HOA, Condo Community Associations begin to assess damage from Hurricane Harvey

By Deborah Goonan, Independent American Communities

 

 

As remnants of Hurricane Harvey move out of Texas and toward Louisiana, local media are beginning to report on the devastation.

Owners of property in association-governed, common interest communities face a double whammy in terms of repairing and rebuilding. They face extensive clean up and loss of common property and association-managed infrastructure in addition to personal loss of their own homes and belongings. Condo units in multifamily buildings are, of course, inseparable from common infrastructure.

FEMA has been struggling to maintain financial solvency for more than a decade. See the following GAO report summary here.

After Hurricane Sandy hit the mid-Atlantic coastline, property owners faced great difficulty getting flood insurance payouts, and many were never made whole.
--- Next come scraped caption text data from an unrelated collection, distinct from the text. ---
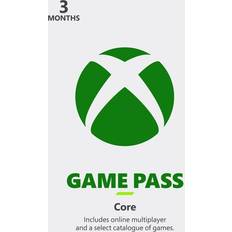 Xbox One Games Xbox Game Pass Core 3 Months Key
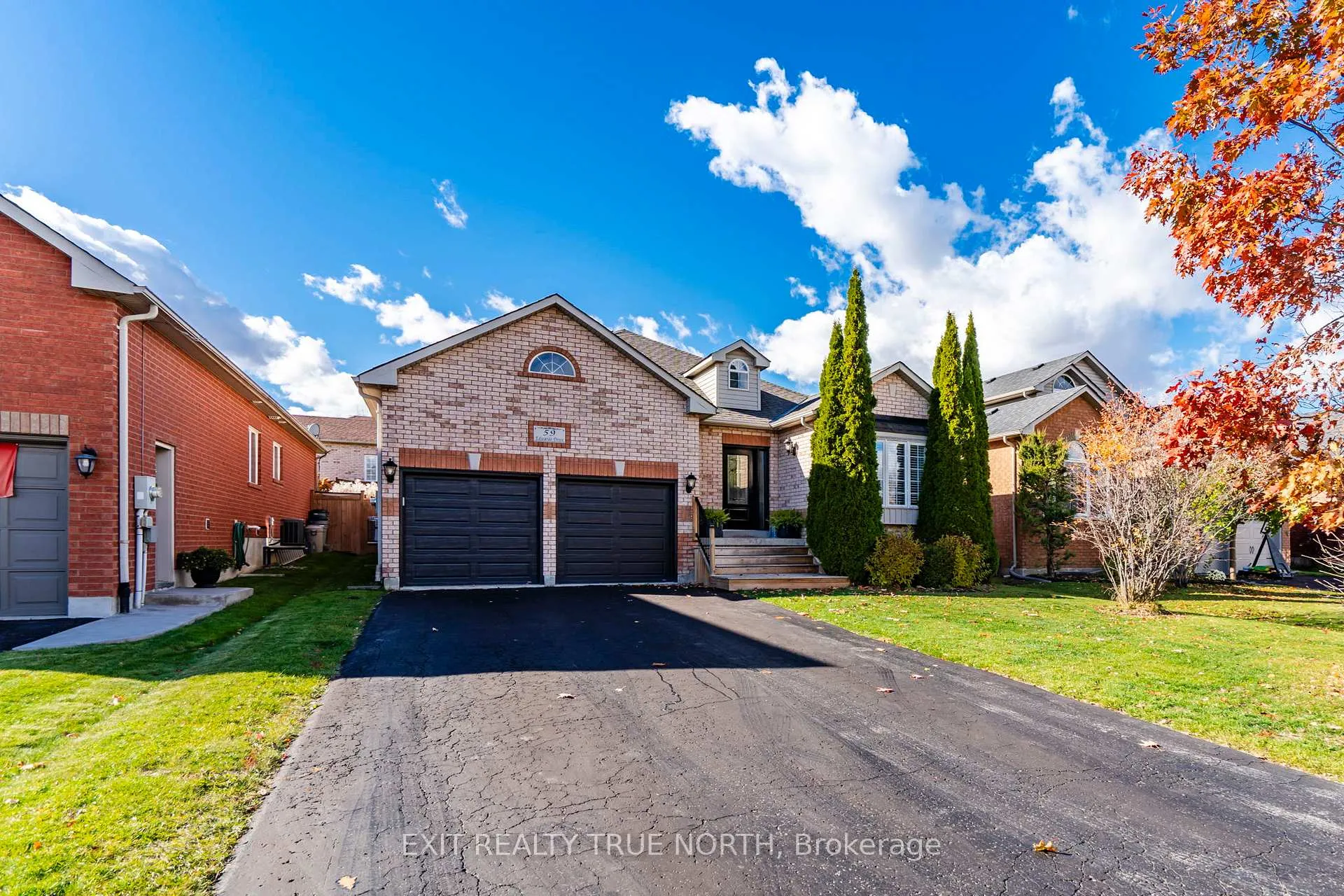 Front of 59 Edwards Drive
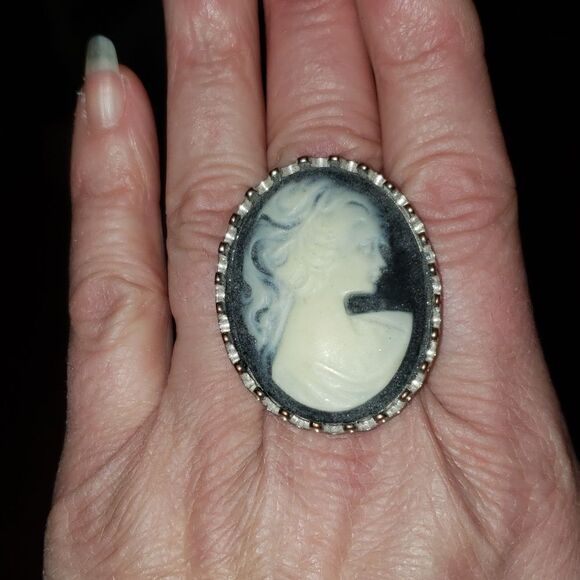 Cameo elastic ring  - Picture 3 of 5
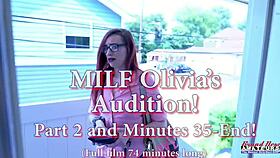 Does petite redhead Olivia X suck that hard cock while fingering before getting banged?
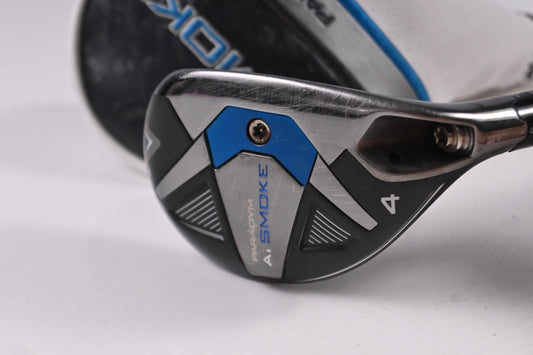Callaway Paradym Ai Smoke #4 Hybrid / 21 Degree / Regular Flex Cypher 2.0 60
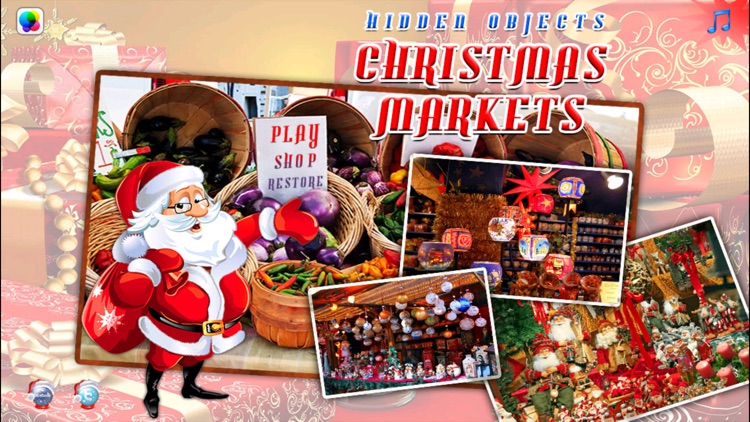 Christmas Markets Hidden Objects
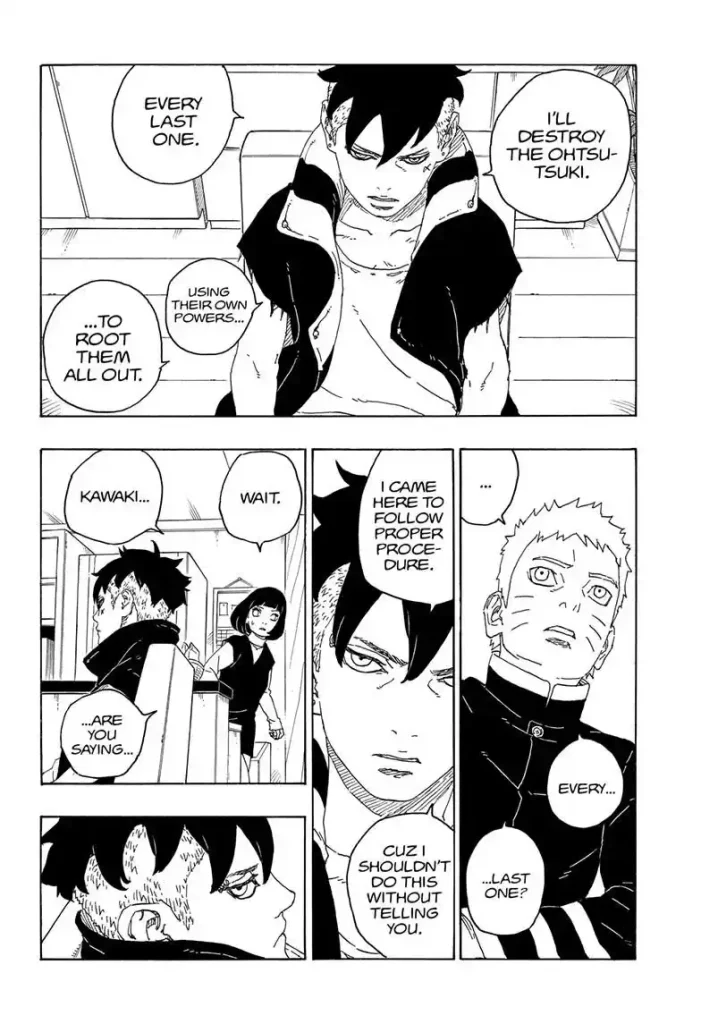 boruto chapter 77 page 32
Although industry trade groups such as Community Associations Institute (CAI) have been lobbying Congress to amend federal law to force FEMA to provide federal funding for clean up and repair of common infrastructure in homeowner, condominium, and cooperative associations, political support for allocating scarce public resources to private communities is unlikely, especially since most property owners have not purchased flood insurance.

In case you missed the widespread reports, 80% of homes damaged of destroyed by Harvey were not insured through the National Flood Insurance Program (NFIP).

Clearly, Federal, state, and local governments must seek alternative funding resources to assist in recovery efforts, and to address our nation’s growing housing crisis. Housing, storm water management, environmental protection, and flood control policies are all ripe for reform.

But will government and private citizens work together to create effective solutions?

As reports of damage and destruction from Hurricane – Tropical Storm Harvey are made public, this post will be updated. Readers: if you see a report, you can email the link using the contact form on this web page.

First look at Rockport condo: ‘It’s just terrible destruction’

Nicholas Zamora, KENS 10:41 PM. CDT August 29, 2017

SAN ANTONIO – Struggling with the decision to evacuate his home in Seguin, Neal Brodbeck has had a mentally and emotionally draining weekend.

Though he was physically safe from the devastation of Hurricane Harvey, like many in Rockport, Brodbeck lost so much.

“When we realized the direct hit was going to be Rockport, that’s when we knew we were going to probably be in trouble,” Brodbeck said.

Rockport, where Hurricane Harvey first made landfall, now sits abandoned and in ruins. And families, like Neal Brodbeck’s, are left sorting through the pieces of what’s left.

Read more (Video):

http://www.kens5.com/news/local/first-look-at-rockport-condo-its-just-terrible-destruction/468992128

 

 

Flooded-out Conroe-area residents returning to damaged homes

By John S. Marshall, jsmarshall@hcnonline.com Updated 8:16 am, Thursday, August 31, 2017

The Courier of Montgomery County

As floodwaters from the downpours of Tropical Storm Harvey recede, Conroe-area residents forced from their homes are returning to heart-wrenching scenes, while Conroe officials begin the lengthy process of assessing the damage. City officials say emergency workers were shifting their focus early Wednesday from emergency responses and evacuations to evaluating the damage from Harvey’s floodwaters. With crews just making their way into neighborhoods early Wednesday morning, no damage figures were available.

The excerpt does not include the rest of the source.